Our gardens and other urban green areas have become hugely important for nature conservation. These green spaces can provide crucial habitat and a source of food for birds, pollinators, and small mammals. Although we often focus our efforts on the wildlife we can most readily see – such as birds and butterflies - considering what lives below the surface of our lawns and flower borders is just as important. Earthworms are one such animal living mostly out of sight, busy burrowing unnoticed through the soils in our gardens, that deserve our attention. Earthworms may appear to lack the beauty or charisma of more familiar animals, but their contribution to healthy ecosystems, including our gardens is significant. For example, they support the growth of our garden plants and vegetables (by increasing the amount of air and water in the soil and by breaking down organic matter which acts as fertilizer), and they are an important source of food for creatures such as hedgehogs, foxes, moles, many birds, and amphibians.

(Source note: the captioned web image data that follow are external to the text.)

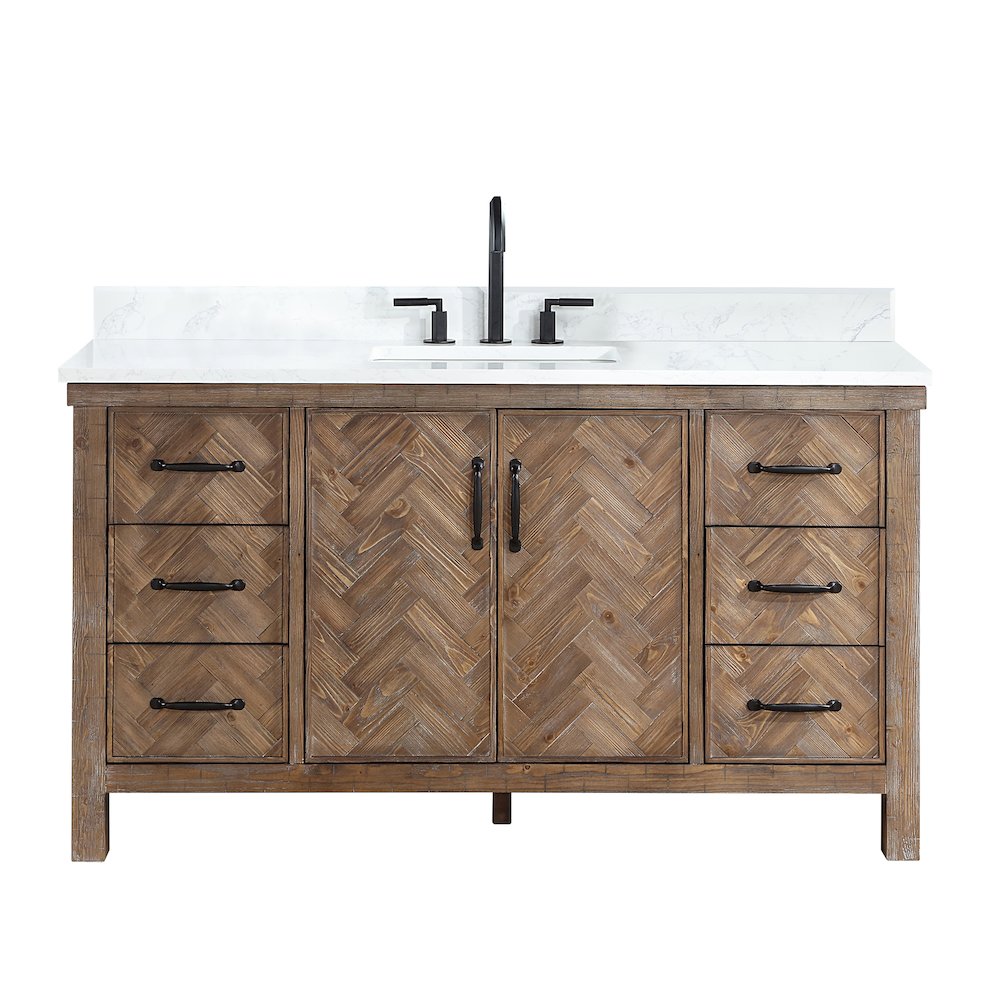 Javier 60" Free-standing Single Bath Vanity in Spruce Antique Gray. Picture 1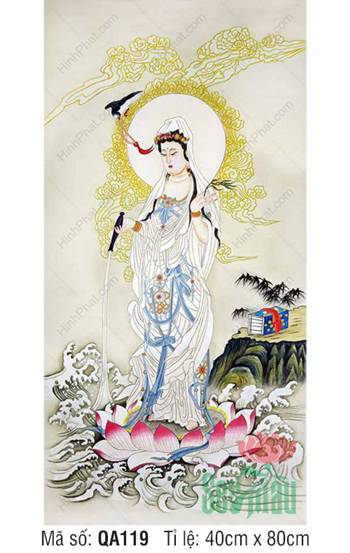 Tranh Phat Ba Quan Am QA119, Bồ Tát ngự sen giữa mây vàng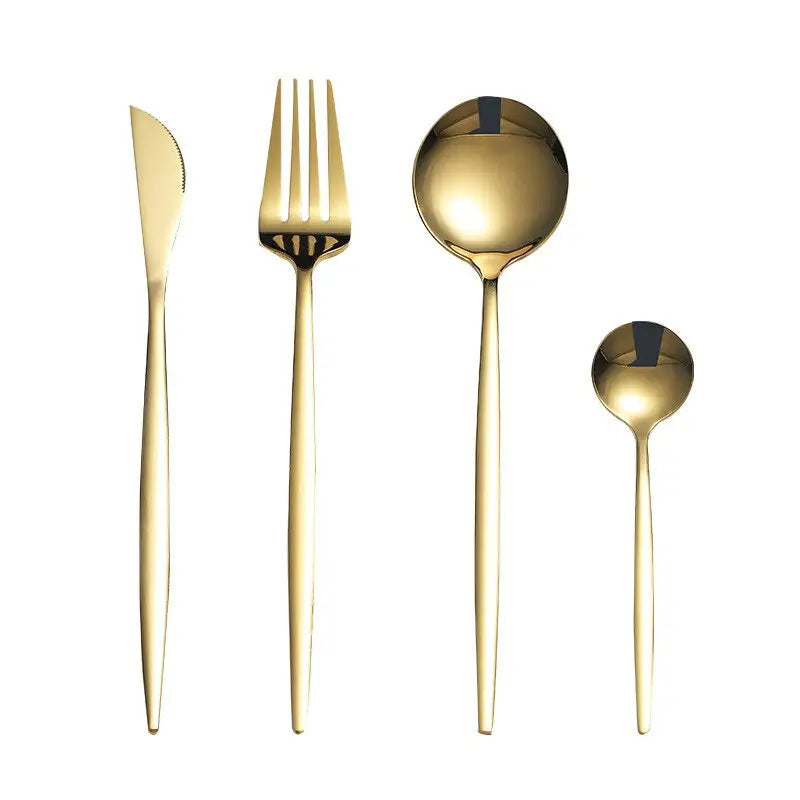 Black Gold Cutlery Set: Silver Tableware Dish Safe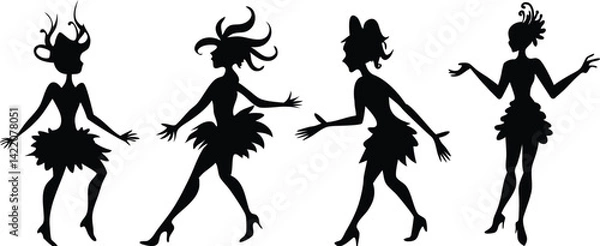 Fototapeta Stylized Dancing Silhouettes with Feather-Like Skirts and Unique Poses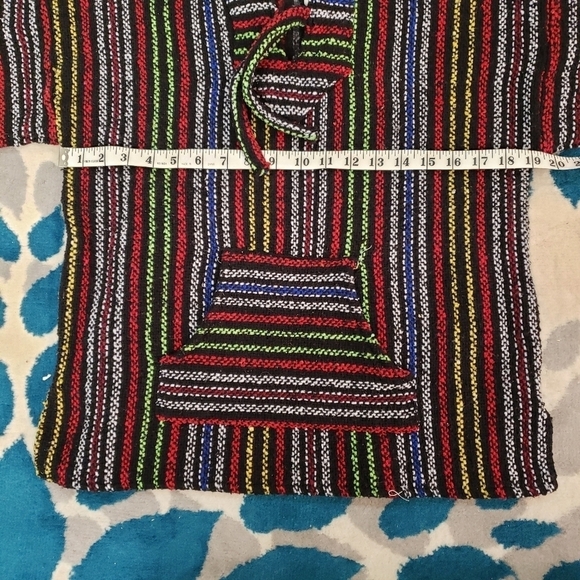 Comerllan Multicolored Poncho and Hoodie sz M - Picture 3 of 8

By contributing your time to Earthworm Watch, you are helping us to investigate how the way we manage our gardens, allotments and school grounds is affecting the enigmatic earthworm. For example, your efforts will help us find out which habitats support the most earthworms and the healthiest soils. So far, the highest number of earthworms found in one soil pit is 30! These earthworms were discovered by Emma in a lawn near Northampton. How many earthworms will you find in your green space, and where will you find the most? Lawn? Flower border? Vegetable patch? Is your garden a hotspot for earthworms, or is it struggling to provide a home for this critical creature? Your data will help us to understand how we can better manage our gardens (and other green spaces) to support the humble earthworm and in turn healthier soils. We will circulate the results of the study as we publish them, but in the meantime we will provide updates over the Earthworm Watch website, email, Facebook and Twitter.
So let us not forget this small but significant creature – earthworms may be out of sight but are vital to the productivity and health of our cherished green spaces. It is important that we understand how best to conserve them.